Um sannyasin é alguém cuidadoso consigo mesmo e, naturalmente, cuidadoso com todo mundo, porque ele não consegue ser feliz sozinho. Você só consegue ser feliz num mundo feliz, num ambiente feliz. Se todo mundo estiver chorando em prantos na miséria, será muito difícil para você estar feliz. Assim, se alguém é cuidadoso a respeito da felicidade, a respeito de sua própria felicidade, tornar-se-á cuidadoso a respeito da felicidade de todos, porque a felicidade somente acontece num ambiente feliz. Mas esse cuidado não é por causa de algum dogma. Ele existe porque você ama e o primeiro amor, naturalmente, é o amor para consigo mesmo. Em seguida vem o amor aos outros.

Outros esforços fracassaram porque eles eram orientados pela mente. Eles foram baseados no processo do pensar, eles eram conclusões da mente. Sannyas não é uma conclusão da mente. Sannyas não é orientado por pensamentos. Ele não tem qualquer raiz no pensar. Sannyas é insight, é meditação, não mente. Suas raízes estão na alegria, não no pensamento. Suas raízes estão na celebração, não no pensar. Suas raízes estão naquela consciência onde os pensamentos não são encontrados. Ele não é uma escolha entre dois pensamentos, ele é o abandono de todos os pensamentos. Ele é viver a partir do nada.

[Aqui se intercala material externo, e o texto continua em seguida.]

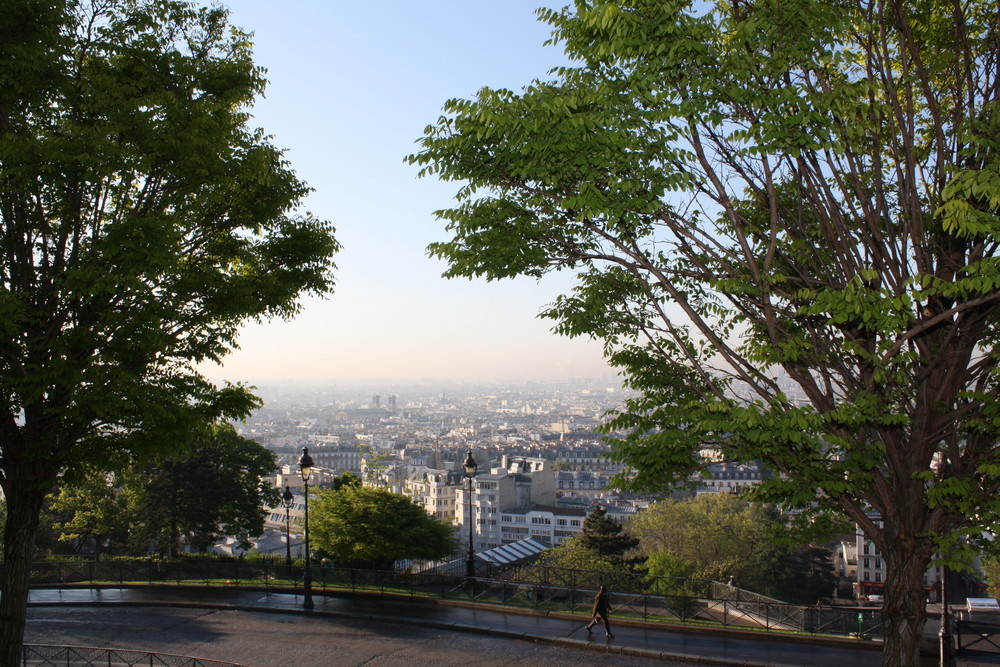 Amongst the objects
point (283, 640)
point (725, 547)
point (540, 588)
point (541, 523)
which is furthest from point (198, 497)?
point (541, 523)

Cada sannyasin será uma pessoa totalmente única. Eu não estou interessado na sociedade. Eu não estou interessado na coletividade. Meu interesse está absolutamente nos indivíduos – em você!

E a meditação pode ser bem sucedida onde a mente fracassou, porque a meditação é uma revolução radical no seu ser. Não é a revolução que muda o governo, não é a revolução que muda a economia, mas a revolução que muda a sua consciência, que transforma você da noosfera à cristosfera, que transforma você de uma pessoa dormindo numa alma acordada. E quando você está acordado, tudo o que você fizer será bom.

Essa é a minha definição de ‘bom’ e de ‘virtude’: a ação de uma pessoa acordada é virtude, e a ação de uma pessoa não acordada é pecado. Não existe outra definição de pecado e virtude. Depende da pessoa, de sua consciência, da qualidade que ela traz ao ato. Assim, algumas vezes pode acontecer de que o mesmo ato possa ser virtuoso e ser pecaminoso. Os atos podem aparentemente ser os mesmos, mas as pessoas que estão por trás dos atos podem ser diferentes.

O ato pode ser o mesmo, mas se a pessoa está acordada, a qualidade do ato muda.

Um sannyasin é uma pessoa que vive mais e mais em estado de alerta. E quanto mais pessoas houver vivendo através da consciência, melhor o mundo que será criado. A civilização não aconteceu ainda.

Sannyas é apenas um começo, a semente de uma qualidade totalmente diferente de mundo, onde as pessoas são livres para serem elas mesmas, onde as pessoas não são restringidas, aleijadas, paralisadas, onde as pessoas não são reprimidas, não são feitas para se sentir culpadas, onde o prazer é aceito, onde a alegria é a regra, onde a seriedade desaparece, onde entra a sinceridade não séria e a brincadeira. Essas podem ser as indicações, os dedos apontando para a Lua.

1

A primeira qualidade de um sannyasin é uma abertura à experiência. Normalmente as pessoas são fechadas, elas não são abertas à experiência. Antes que elas experienciem alguma coisa elas já têm prejulgamentos a respeito. Elas não querem experimentar, elas não querem explorar. Isso é pura estupidez.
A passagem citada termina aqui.